_ASSIGNMENT_
Repeat exactly what runs from the line with "Odhalování administrativního státu: Krize" through the last line of the material, and keep the pictures out of it.

_DATA EXTRACT_

────────────────────────────────────────

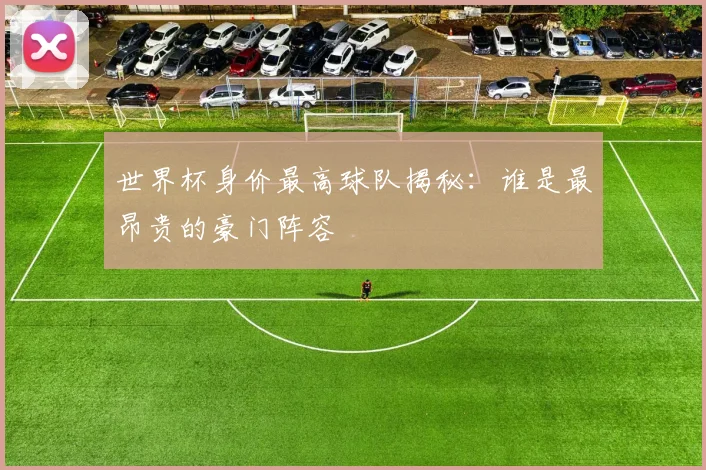 世界杯身价最高球队揭秘:谁是最昂贵的豪门阵容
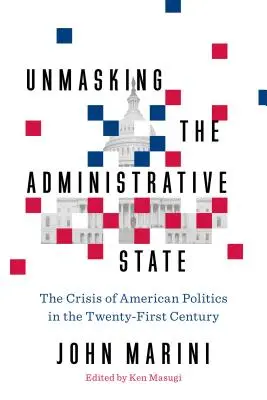 Odhalování administrativního státu: Krize americké politiky v jednadvacátém století. - Unmasking the Administrative State: The Crisis of American Politics in the Twenty-First Century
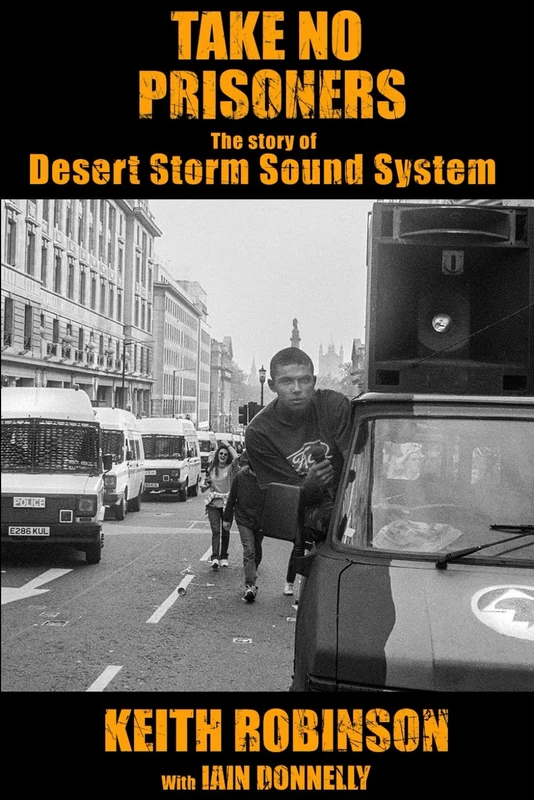 Take No Prisoners: The Story of Desert Storm Sound System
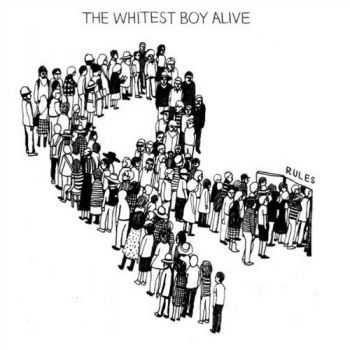 The Whitest Boy Alive - Rules (2009) Lossless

────────────────────────────────────────

_EXERCISE RESULT_
 Odhalování administrativního státu: Krize americké politiky v jednadvacátém století. - Unmasking the Administrative State: The Crisis of American Politics in the Twenty-First Century
 Take No Prisoners: The Story of Desert Storm Sound System
 The Whitest Boy Alive - Rules (2009) Lossless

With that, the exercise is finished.